No. 48 – Baltimore Ravens
- Position: Linebacker
- Roster status: Active

Personal information
- Born: August 8, 2001 (age 25) Bakersfield, California, U.S.
- Listed height: 6 ft 0 in (1.83 m)
- Listed weight: 223 lb (101 kg)

Career information
- High school: Golden Valley (Bakersfield, California) Bakersfield (Bakersfield, California)
- College: UCLA (2019–2023)
- NFL draft: 2024: undrafted

Career history
- Chicago Bears (2024–2025); Baltimore Ravens (2025–present);

Career NFL statistics as of 2025
- Total tackles: 12
- Stats at Pro Football Reference

= Carl Jones Jr. =

American football player (born 2001)

Carl Jones Jr. (born August 8, 2001) is an American professional football linebacker for the Baltimore Ravens of the National Football League (NFL). He played college football for the UCLA Bruins.

==Early life==
Jones was born on August 8, 2001, in Bakersfield, California. He attended Golden Valley High School before transferring to Bakersfield High School. In high school, he participated in football, basketball and track and field. He played quarterback as a junior, throwing for seven touchdowns and running for 556 yards and six touchdowns, and as a senior he ran for 296 yards and six touchdowns, caught 24 receptions for 589 yards and seven touchdowns, and made 66 tackles on defense. A three-star recruit, he committed to play college football for the UCLA Bruins.

==College career==
At UCLA, Jones transitioned from being a safety in high school to a linebacker, also seeing time as an edge rusher. As a freshman at UCLA in 2019, he appeared in all 12 games, two as a starter, and finished with 24 tackles. He played all seven games in 2020, finishing with 21 tackles, played in all 12 games in 2021, then appeared in all 13 games in 2022, totaling 28 tackles, with most of his action being as a reserve in those years. As a senior in 2023, Jones appeared in all 13 games, four as a starter, and finished with 31 tackles and two sacks. He concluded his collegiate career having made 135 tackles, 23.0 tackles-for-loss (TFLs) and eight sacks.

==Professional career==

Pre-draft measurables
| Height | Weight | Arm length | Hand span | Wingspan | 40-yard dash | 10-yard split | 20-yard split | 20-yard shuttle | Three-cone drill | Vertical jump | Broad jump | Bench press |
| 5 ft 11+3⁄4 in (1.82 m) | 219 lb (99 kg) | 31+3⁄8 in (0.80 m) | 9 in (0.23 m) | 6 ft 4+1⁄2 in (1.94 m) | 4.52 s | 1.62 s | 2.63 s | 4.52 s | 7.15 s | 34.0 in (0.86 m) | 10 ft 3 in (3.12 m) | 22 reps |
All values from Pro Day

===Chicago Bears===
After going unselected in the 2024 NFL draft, Jones signed with the Chicago Bears as an undrafted free agent.
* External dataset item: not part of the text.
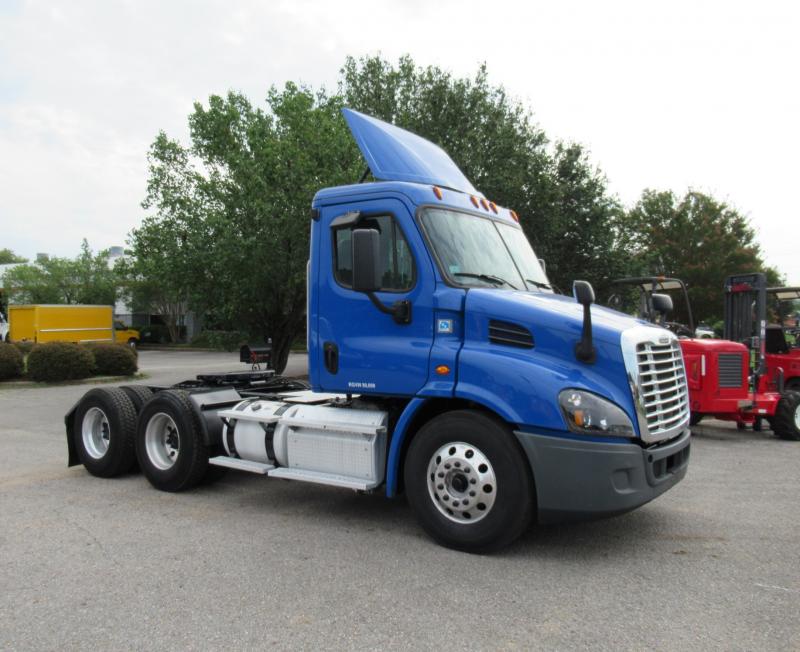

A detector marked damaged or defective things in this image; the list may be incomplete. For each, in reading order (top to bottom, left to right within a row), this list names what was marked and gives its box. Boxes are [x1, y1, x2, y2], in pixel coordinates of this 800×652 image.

cracked asphalt [0, 354, 796, 648]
He was waived on August 27, 2024, then re-signed to the practice squad the following day. Jones was elevated to the active roster on November 9, for the team's Week 10 game against the New England Patriots, and made his NFL debut in the game, appearing on 12 special teams snaps. He signed a reserve/future contract with the Bears on January 6, 2025.
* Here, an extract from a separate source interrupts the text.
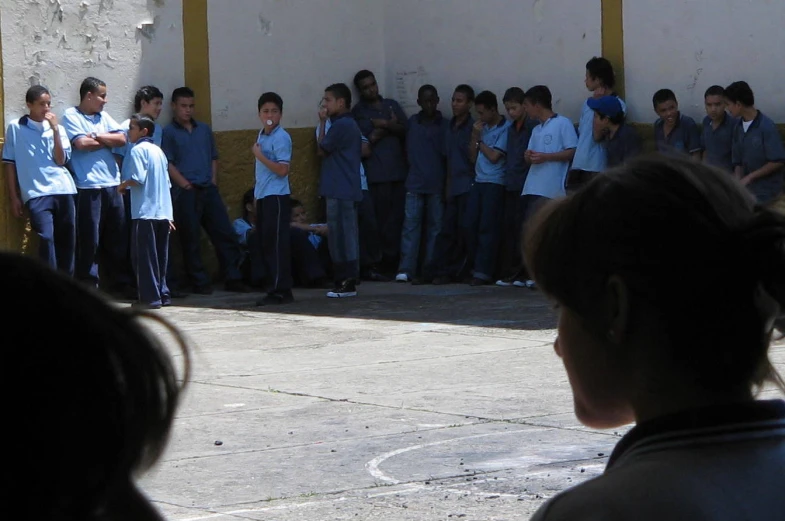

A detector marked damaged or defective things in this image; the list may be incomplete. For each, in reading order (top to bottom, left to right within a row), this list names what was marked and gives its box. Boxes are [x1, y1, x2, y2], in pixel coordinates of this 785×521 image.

cracked concrete floor [138, 282, 784, 516]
On August 28, 2025, Jones was waived by the Bears and re-signed to the practice squad three days later. He was promoted to the active roster on September 27. Jones was released on November 6 and re-signed to the practice squad two days later. He was signed to the active roster on November 22. On December 6, Jones was waived by the Bears.

===Baltimore Ravens===
On December 8, 2025, Jones was claimed off waivers by the Baltimore Ravens.

On August 30, 2026, Jones was waived by the Ravens as part of final roster cuts and re-signed to the practice squad the next day. He was promoted to the active roster on September 19.